Board effectiveness, defined as the successful fulfillment of the dual roles of providing strategic insight and management oversight, requires appropriate information, an agenda focused on key strategic issues, healthy discussion and debate, and a commitment to doing the job well. All of these elements are the responsibility of the board chair.

To better understand the chair’s role and responsibility, we need to look at two models of board leadership – the combined Chair/CEO structure and the split structure (where these positions are filled by two distinct individuals).

In the combined model, which was the structure reported by 63 percent of respondents to the board survey conducted for our book, the key to success is ensuring the CEO understands that the Chair role is an important and separate job. Too often, CEOs are so busy running the company that chair responsibilities slide.

Chair responsibilities, regardless of who fills the role, include:

  • Ensuring information board members need to hold an effective conversation is sent in advance of the meeting;
  • Setting the appropriate agenda, focused on strategic issues and oversight, with the right amount of time allotted to each issue;
  • Ensuring appropriate reporting of board activities in the meeting minutes;
  • Ensuring shareholders are kept adequately informed of affairs of the company and have confidence in the oversight provided by the board;
  • Developing and maintaining a shareholder relations program for the company;
  • Ensuring appropriate committee structure, membership and responsibilities;
  • Actively facilitating board members, promoting a culture of discussion and debate and balanced participation of all members;
  • Maintaining top-level contact with members of the community to ensure that company is properly recognized, dealt with and appropriately represented in community affairs;
  • Identifying ethical dilemmas in the company and reporting on those annually to the board;
  • Ensuring accountability of management for setting and achieving budgets and plans.

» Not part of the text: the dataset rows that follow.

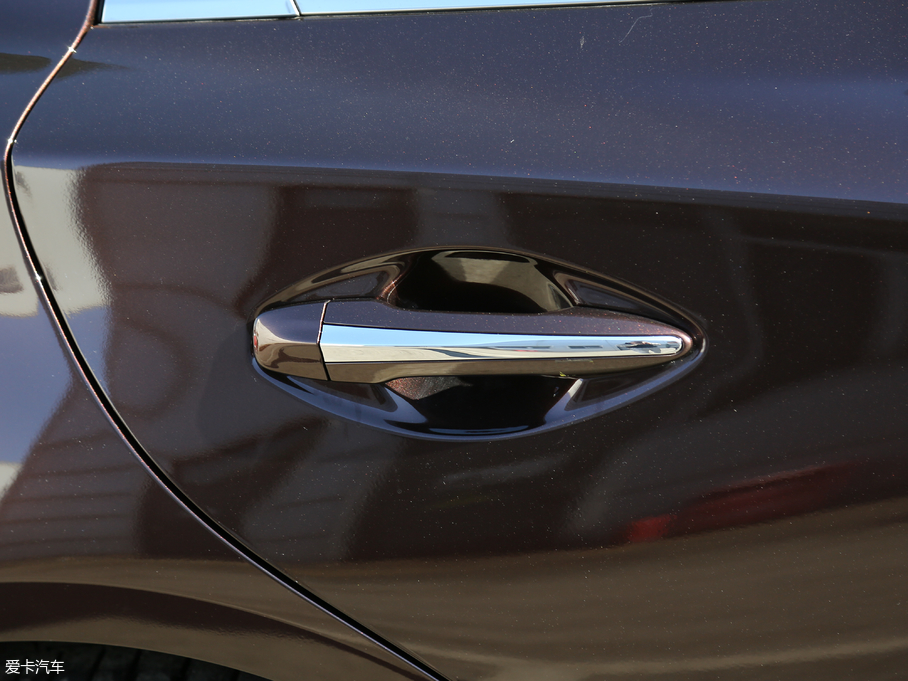 2018ӢQ50L 2.0T A (gu)V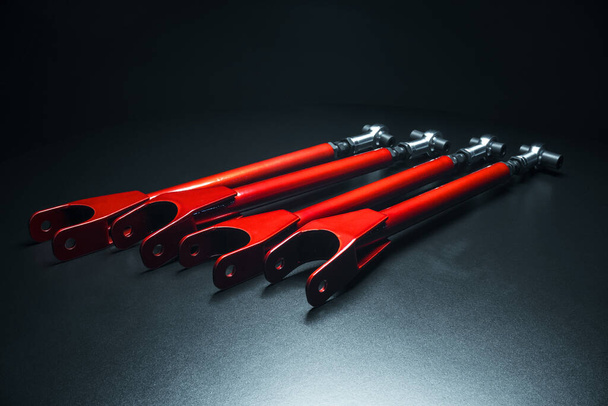 felfüggesztő karok egyéni sportkocsik piros por festék - Fotó, kép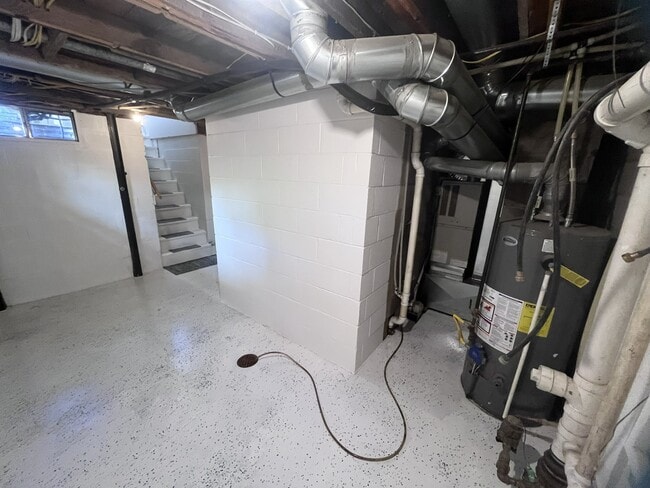 Building Photo - 724 Silver St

This final responsibility, ensuring accountability, is the most difficult to fulfill in the combined structure. In effect, the CEO is responsible for holding himself accountable. To make this structure work, the CEO/Chair must be willing to take feedback from other directors and admit mistakes. He or she must also be willing to let other directors meet in executive session without him or her to discuss issues they may have with respect to the CEO’s performance, as well as any other management issue that may be best handled without management in the room.

In the split structure, the Chair is tasked with the same responsibilities. One concern with this model is it creates a lack of clarity concerning who is in charge. Yet, note that most Chair responsibilities begin with the word “ensure” rather than “do.” The Chair’s job is more to make sure that things happen than to actually do them him or herself. So, his job is not to lead the organization but rather to lead the board. And, leading the board essentially means ensuring that it is fulfilling its designated role and responsibilities.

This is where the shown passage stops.